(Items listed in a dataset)

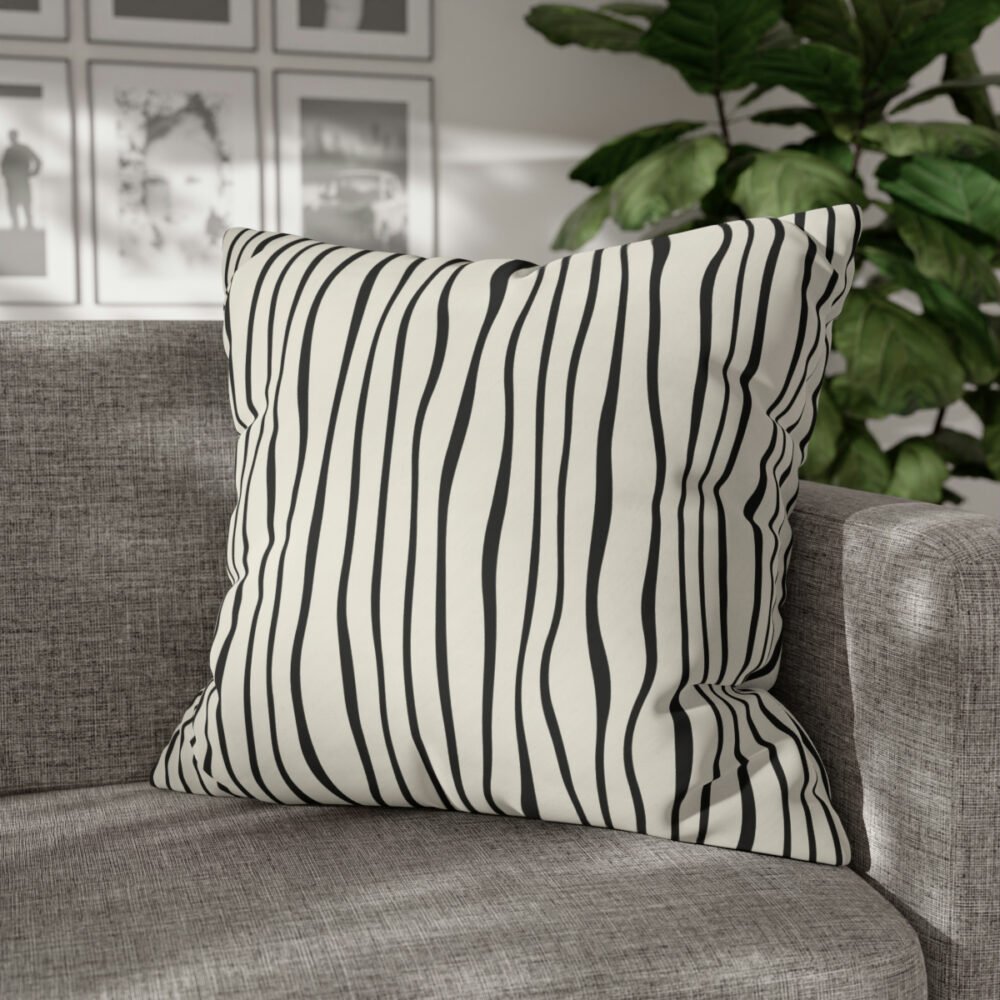 Decorative Black n White Striped Design Euro Pillow Shams - Image 4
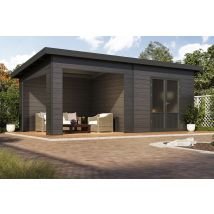 Wolff Finnhaus Wpc Gerätehaus Tona 6030 28 Anthrazit Gerätehaus Aus Holz/kunststoff In Anthrazitgrau, Geräteschrank Mit 28 Mm Wandstärke Inklusive 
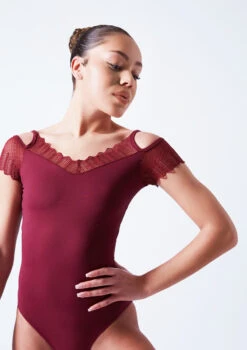 So Danca Lace Cold Shoulder Leotard 11 So Danca Lace Cold Shoulder Leotard -dance costume sorde 1649 red close up front 19932.1678885861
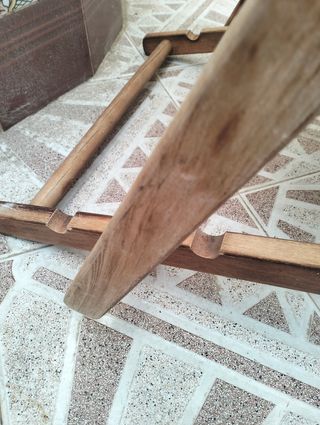 Hamaca vintage plegable tela y madera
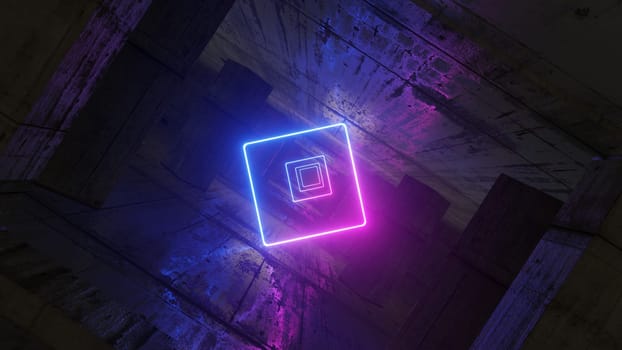 3D illustration Background for advertising and wallpaper in retro and sci fi cyberpunk scene. 3D rendering in decorative concept.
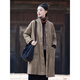 
German quality Zen clothing cotton linen cotton clothing for women in winter Buddhist Zen women's clothing for lay Buddhist clothing for women Chinese cotton jacket mid-length robe Tea brown (ticket dye) cotton coat + bronze black plus velvet pants 6191# All size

Work required >>
Repeat the entries exactly. Any picture is to be left out.

Solution to this exercise >>
 Decorative Black n White Striped Design Euro Pillow Shams - Image 4
 Wolff Finnhaus Wpc Gerätehaus Tona 6030 28 Anthrazit Gerätehaus Aus Holz/kunststoff In Anthrazitgrau, Geräteschrank Mit 28 Mm Wandstärke Inklusive 
 So Danca Lace Cold Shoulder Leotard 11 So Danca Lace Cold Shoulder Leotard -dance costume sorde 1649 red close up front 19932.1678885861
 Hamaca vintage plegable tela y madera
 3D illustration Background for advertising and wallpaper in retro and sci fi cyberpunk scene. 3D rendering in decorative concept.
German quality Zen clothing cotton linen cotton clothing for women in winter Buddhist Zen women's clothing for lay Buddhist clothing for women Chinese cotton jacket mid-length robe Tea brown (ticket dye) cotton coat + bronze black plus velvet pants 6191# All size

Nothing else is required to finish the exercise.